__TASK__
From the line that contains "Mayoral Jersey Bordado" down to the final line below, please repeat each line exactly and nothing more, with no pictures.

__RAW DATA__

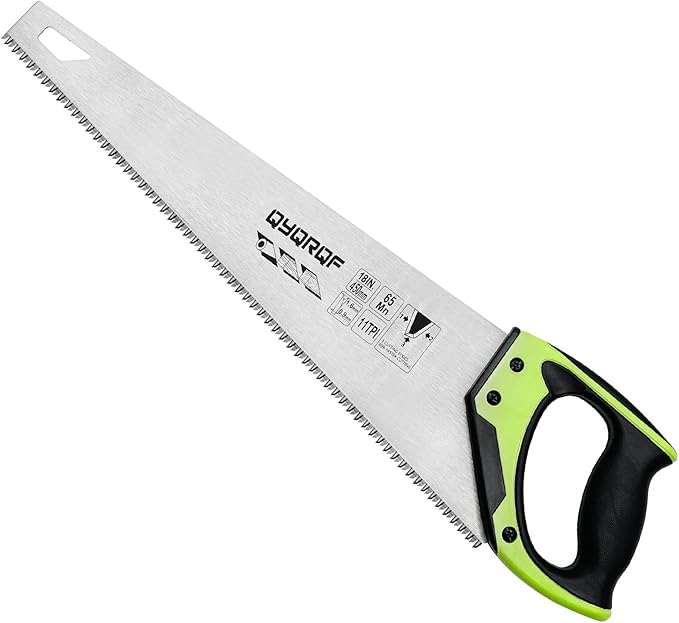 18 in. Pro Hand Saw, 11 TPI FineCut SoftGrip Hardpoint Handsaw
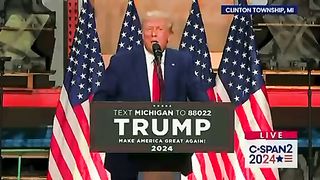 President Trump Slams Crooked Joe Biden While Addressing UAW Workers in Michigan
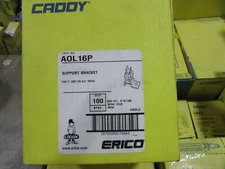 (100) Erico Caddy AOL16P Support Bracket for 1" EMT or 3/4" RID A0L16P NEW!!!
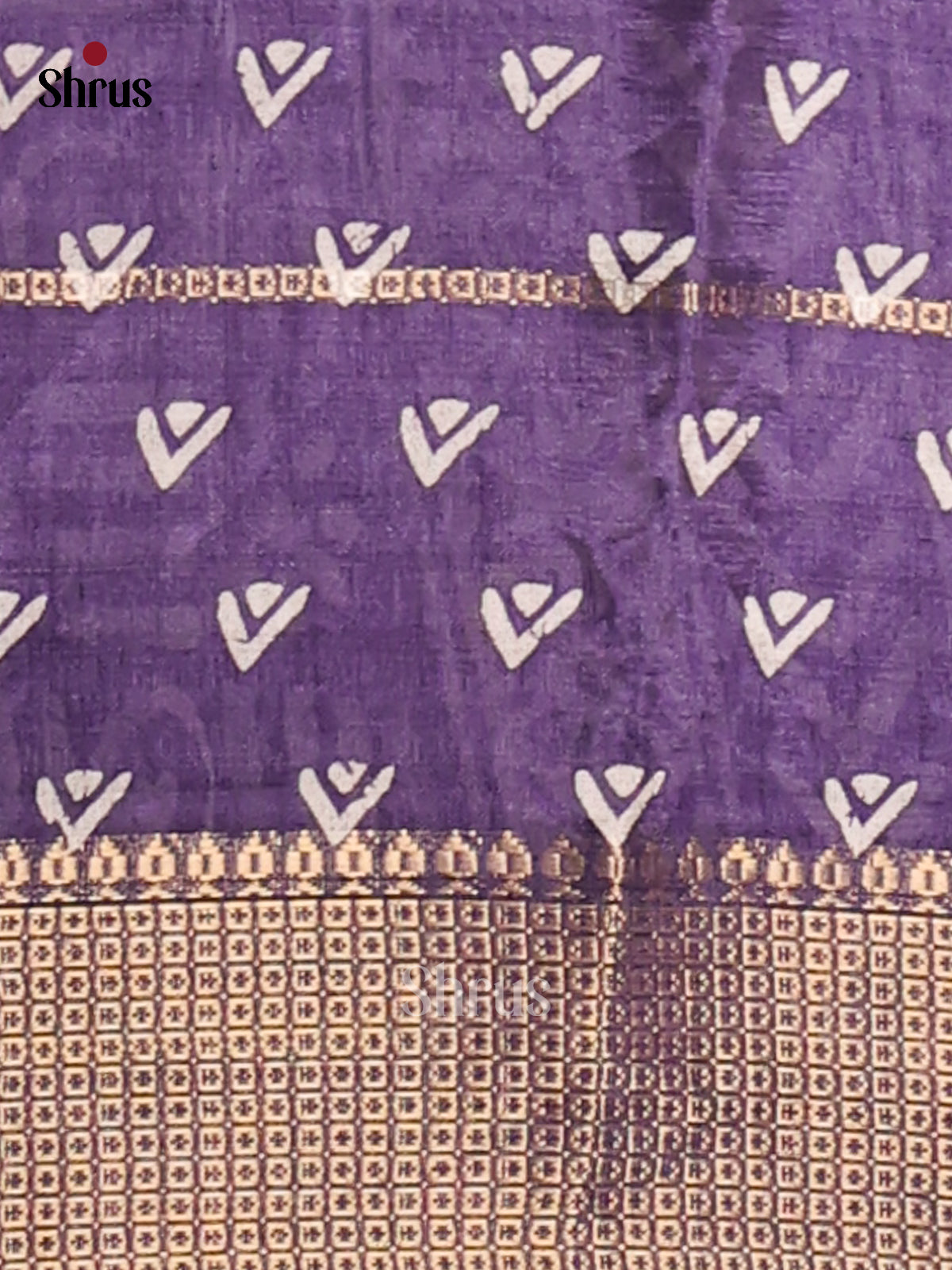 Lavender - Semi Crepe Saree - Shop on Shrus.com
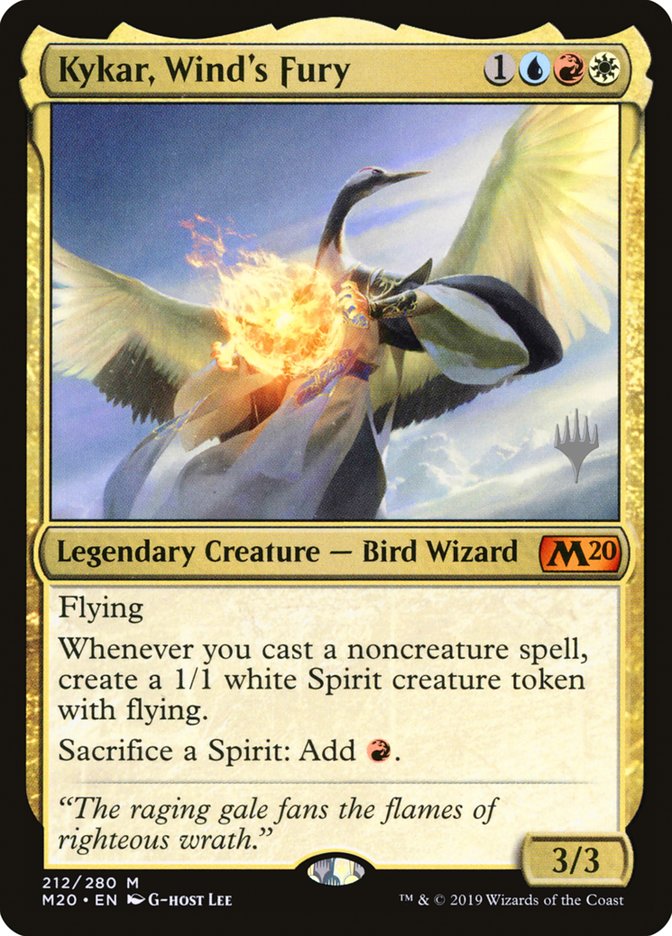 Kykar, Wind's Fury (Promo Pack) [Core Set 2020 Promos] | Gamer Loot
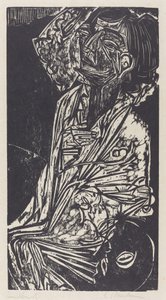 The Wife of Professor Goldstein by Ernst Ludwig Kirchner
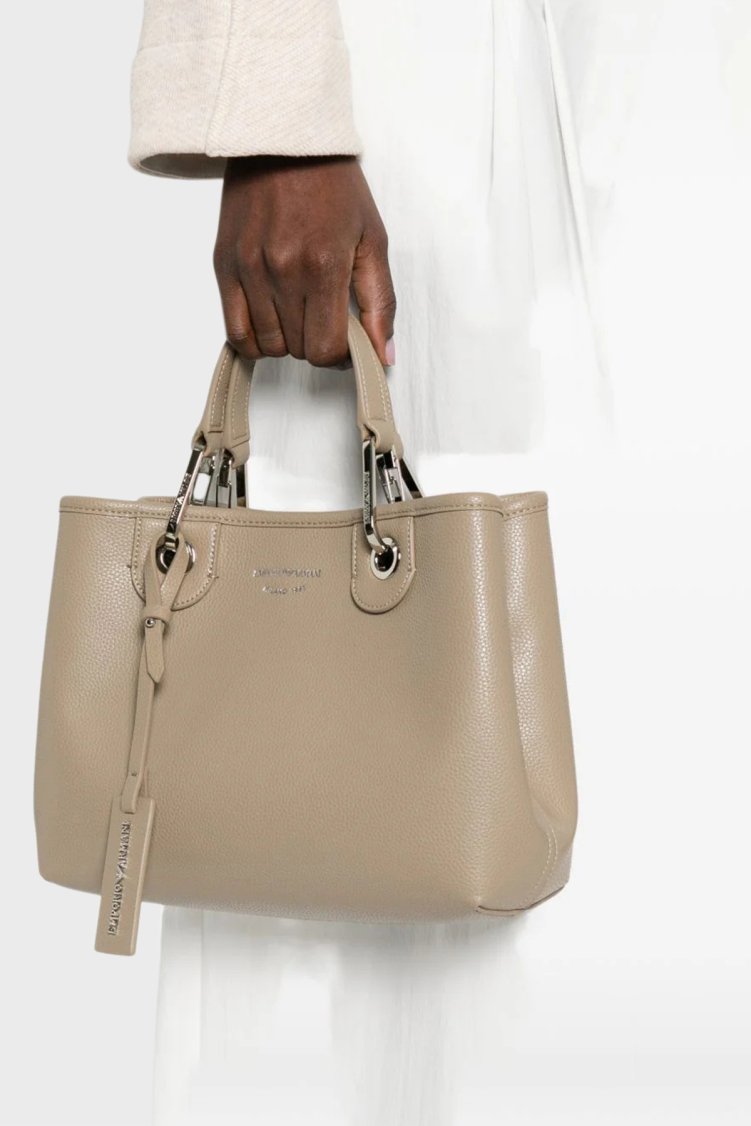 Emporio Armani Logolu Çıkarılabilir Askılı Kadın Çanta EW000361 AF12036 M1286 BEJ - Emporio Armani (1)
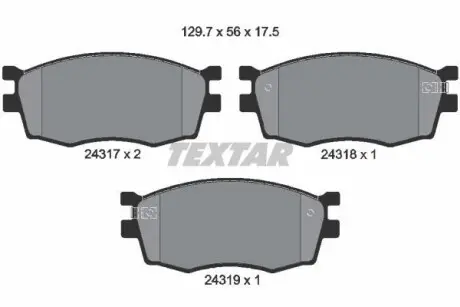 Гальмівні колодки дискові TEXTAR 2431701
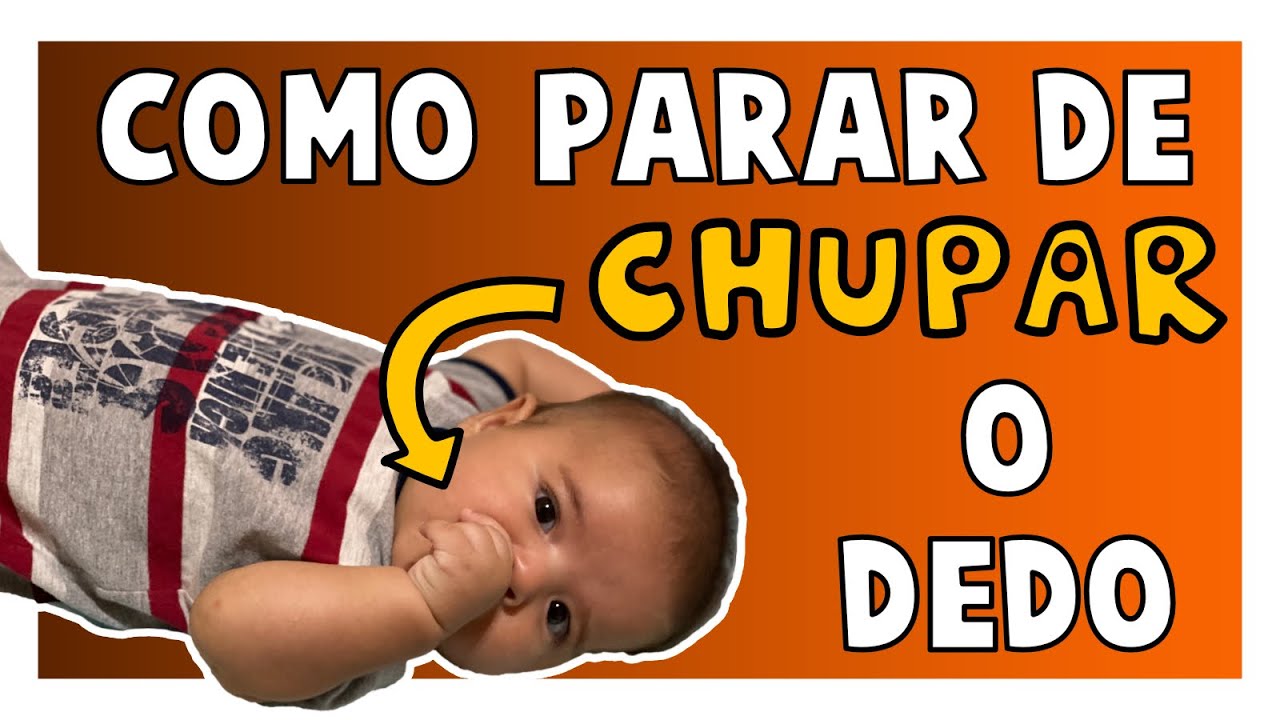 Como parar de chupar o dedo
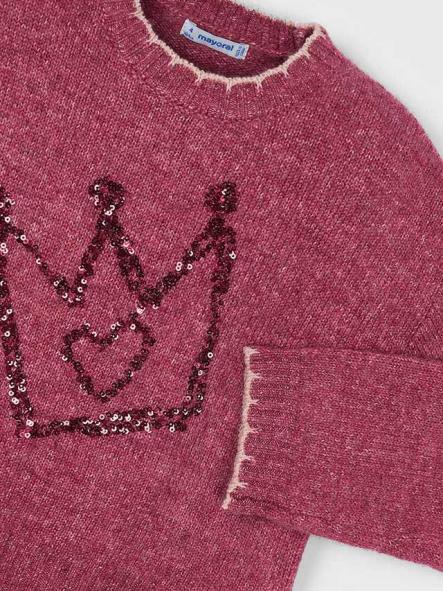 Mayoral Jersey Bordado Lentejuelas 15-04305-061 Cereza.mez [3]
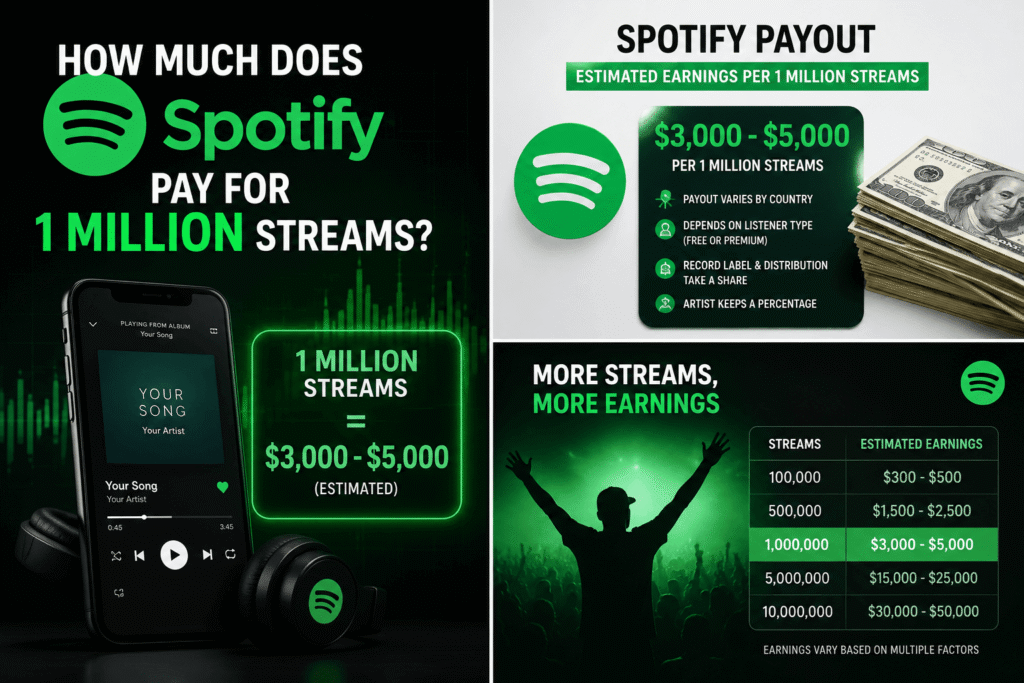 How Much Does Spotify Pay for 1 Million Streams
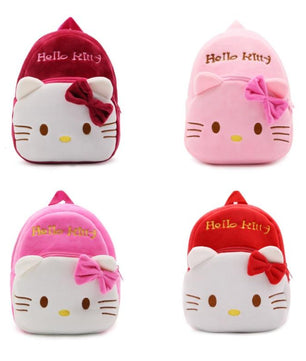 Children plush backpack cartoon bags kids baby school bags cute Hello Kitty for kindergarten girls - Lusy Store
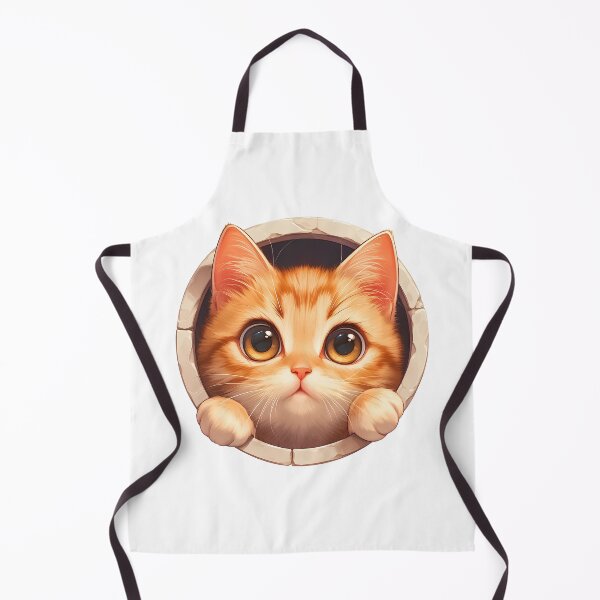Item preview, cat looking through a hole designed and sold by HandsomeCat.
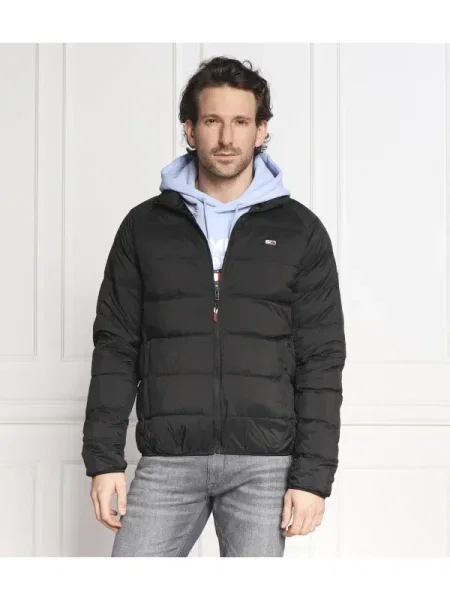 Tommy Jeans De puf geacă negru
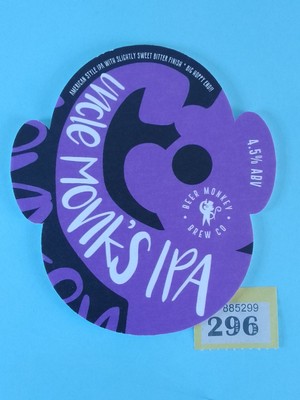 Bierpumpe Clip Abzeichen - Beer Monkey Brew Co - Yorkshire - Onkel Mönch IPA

__RESULT FOR THIS TASK__
 Mayoral Jersey Bordado Lentejuelas 15-04305-061 Cereza.mez [3]
 How Much Does Spotify Pay for 1 Million Streams
 Children plush backpack cartoon bags kids baby school bags cute Hello Kitty for kindergarten girls - Lusy Store
Item preview, cat looking through a hole designed and sold by HandsomeCat.
 Tommy Jeans De puf geacă negru
 Bierpumpe Clip Abzeichen - Beer Monkey Brew Co - Yorkshire - Onkel Mönch IPA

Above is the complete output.